La madre y la hermana de Ahmed habían llegado con las rosas a las once de la mañana. Cajas y cajas de ramos de rosas. Las había blancas, las había rojas, amarillas, rosadas y hasta algunas de un raro color cobrizo que Shirley decidió que servirían para adornar el arco de la entrada. Anna Livia miraba sin dar crédito todas aquellas flores.
—Pero, señora Sharma… ¿cuántas ha traído?
La madre de Ahmed le dedicó una sonrisa idéntica a la de su hijo.
—Más de mil. En ramos de quince unidades. Nada es demasiado para la señorita Salomon. Y ahora tenemos que irnos. Avísenme si necesitan algo más.
Shirley miró a aquella mujer que se afanaba en rociar las rosas con el contenido de un pulverizador, y sintió un ramalazo de envidia: tenía esa belleza exótica que se mantiene intacta a pesar del paso del tiempo, como si se fuese adaptando a cada tramo de la edad.

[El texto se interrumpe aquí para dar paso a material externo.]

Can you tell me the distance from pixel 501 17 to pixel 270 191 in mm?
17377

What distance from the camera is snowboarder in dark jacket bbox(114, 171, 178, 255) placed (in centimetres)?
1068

Ella había sido arrebatadora a los veinte, a los treinta, incluso hasta los cuarenta años. Pero la madre de Ahmed iría metamorfoseándose en una belleza distinta a medida que cambiase de década. Ahora tendría unos cincuenta años, y parecía una estrella de Bollywood, con aquellos ojos color esmeralda, las uñas largas y pintadas de fucsia, ágil y diminuta en su sencillo vestido floreado. De pronto, y como les ocurre a algunas mujeres cuando se sienten aplastadas por la belleza de otra, Shirley se sintió intimidada por la señora Sharma, y notó algo parecido a la tranquilidad al verla marchar.
—¿Qué te parece? —preguntó Anna Livia, señalando aquella desmesurada cantidad de flores.
—Una locura, pero no voy a protestar. Vamos, hay que colocar todo esto. ¿Han llegado David y Jeffried? Porque yo no pienso subirme a la escalera.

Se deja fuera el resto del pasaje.